Sebagai Penyangga Komitmen Daerah

Menurut Diah, mandatory spending anggaran kesehatan itu sebagai penyangga komitmen daerah. Sementara pemerintah pusat berupaya meningkatkan penggunaan anggaran tersebut.

"CISDI merasa penetapan mandatory spending saat ini masih sangat diperlukan sebagai penyangga komitmen daerah. Karena itu sangat, sangat dibutuhkan untuk memperluas ruang fiskal dari APBD," lanjutnya.

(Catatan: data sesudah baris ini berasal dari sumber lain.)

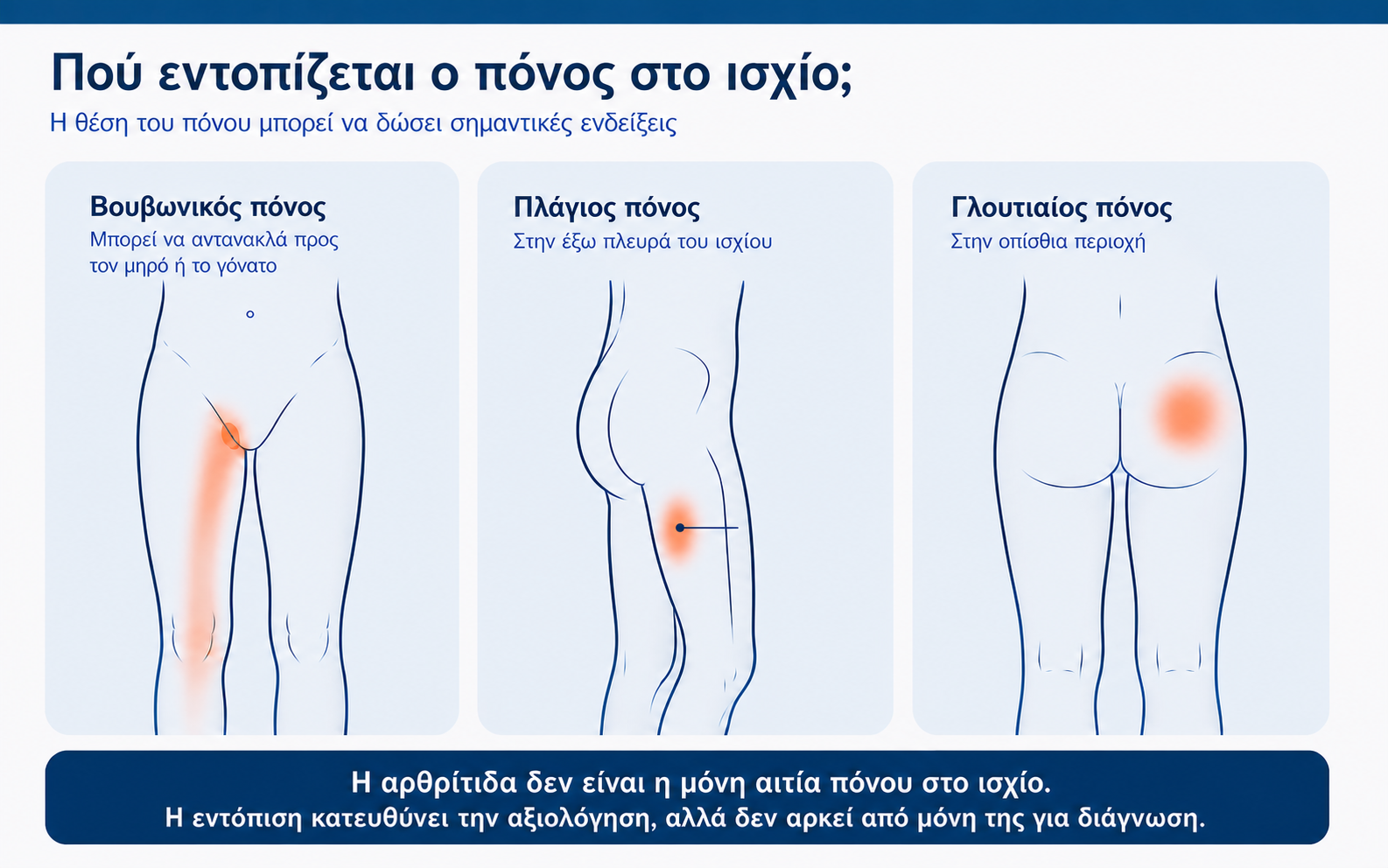 Χάρτης εντόπισης πόνου στο ισχίο: βουβωνικός, πλάγιος και γλουτιαίος πόνος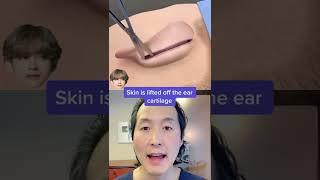 Watch How Ear Pinning (Otoplasty) Surgery Works! #shorts #otoplasty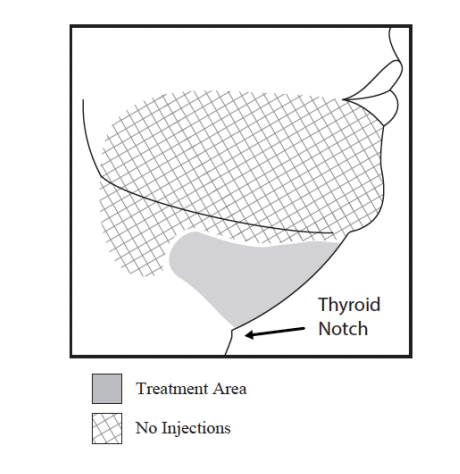 kybella injection site areas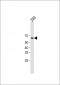 KRT1 Antibody (Center)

"Sambil kemudian pemerintah pusat meningkatkan kapasitas supervisi dan koordinasi dengan pemerintah daerah untuk memonitor efisiensi dan penggunaan anggaran kesehatan."

4 dari 4 halaman

Anggaran Kesehatan di 2023 Menurun

Diah Satyani Saminarsih melihat anggaran kesehatan sendiri pada tahun 2023 ini menurun. Berbeda dengan dua tahun sebelumnya tatkala Indonesia masih dalam situasi kegawatdaruratan COVID-19. 

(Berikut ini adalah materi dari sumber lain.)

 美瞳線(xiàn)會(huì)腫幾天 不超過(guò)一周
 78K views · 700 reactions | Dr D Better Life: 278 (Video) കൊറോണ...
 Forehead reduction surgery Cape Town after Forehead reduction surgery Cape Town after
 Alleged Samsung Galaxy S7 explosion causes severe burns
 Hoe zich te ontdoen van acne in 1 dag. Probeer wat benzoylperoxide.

"Kalau kita bilang bahwa tahun 2021 dan 2022 kemarin itu anggaran kenaikan meningkat karena kegawatdaruratan COVID-19, di mana itu dimasukkannya kesehatan ke dalam anggaran Pemulihan Ekonomi Nasional (PEN) yang digunakan untuk penanganan COVID-19," imbuhnya.

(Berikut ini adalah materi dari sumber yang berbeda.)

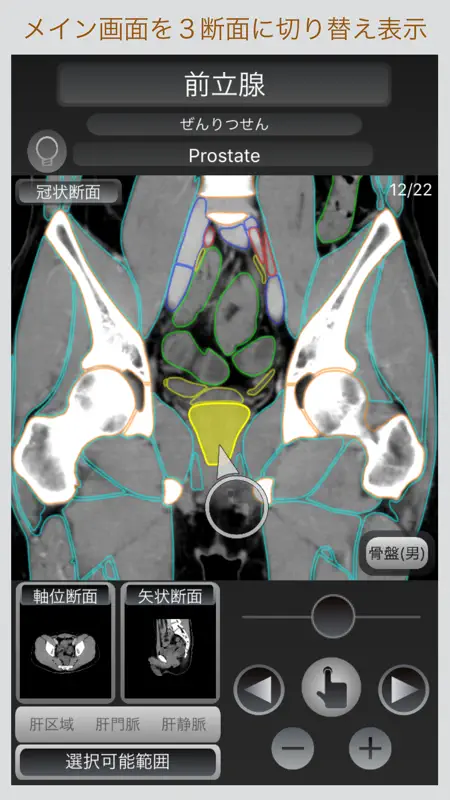 CT Passport 腹部 screenshot 4 of 5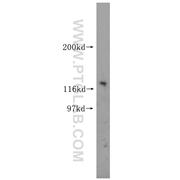 Notch1 Rabbit Polyclonal Antibody (10062-2-AP)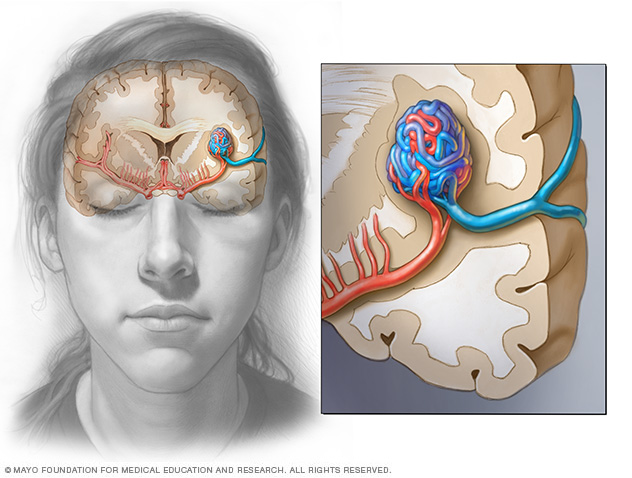 A brain AVM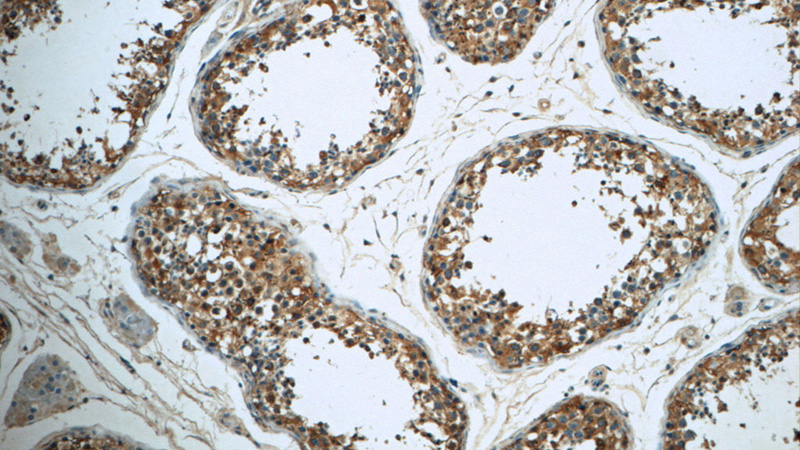 Immunohistochemistry of paraffin-embedded human testis tissue slide using Catalog No:113473(PAAF1 Antibody) at dilution of 1:50 (under 10x lens)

"Tapi saat ini, di tahun 2023, anggaran tersebut sudah menurun karena dianggap tidak ada lagi kegawatdaruratan."

Kesehatan Kembali Menjadi Tidak Prioritas

Menilik penurunan anggaran kesehatan, Diah menyebut kesehatan akan kembali menjadi tidak prioritas.

"Nah, kalau komitmen ini menurun terus, maka kesehatan kembali menjadi tidak prioritas, bukan lagi menjadi prioritas dalam pembangunan," pungkasnya.

"Kalau misalnya kita lihat anggaran kesehatan di semua kabupaten/kota, rerata adalah 10 persen kurang lebih. Ada data dari Kemendagri yang bilang bahwa 58 dari 514 kabupaten/kota itu anggaran kesehatan masih di bawah 10 persen dengan distribusi yang timpang."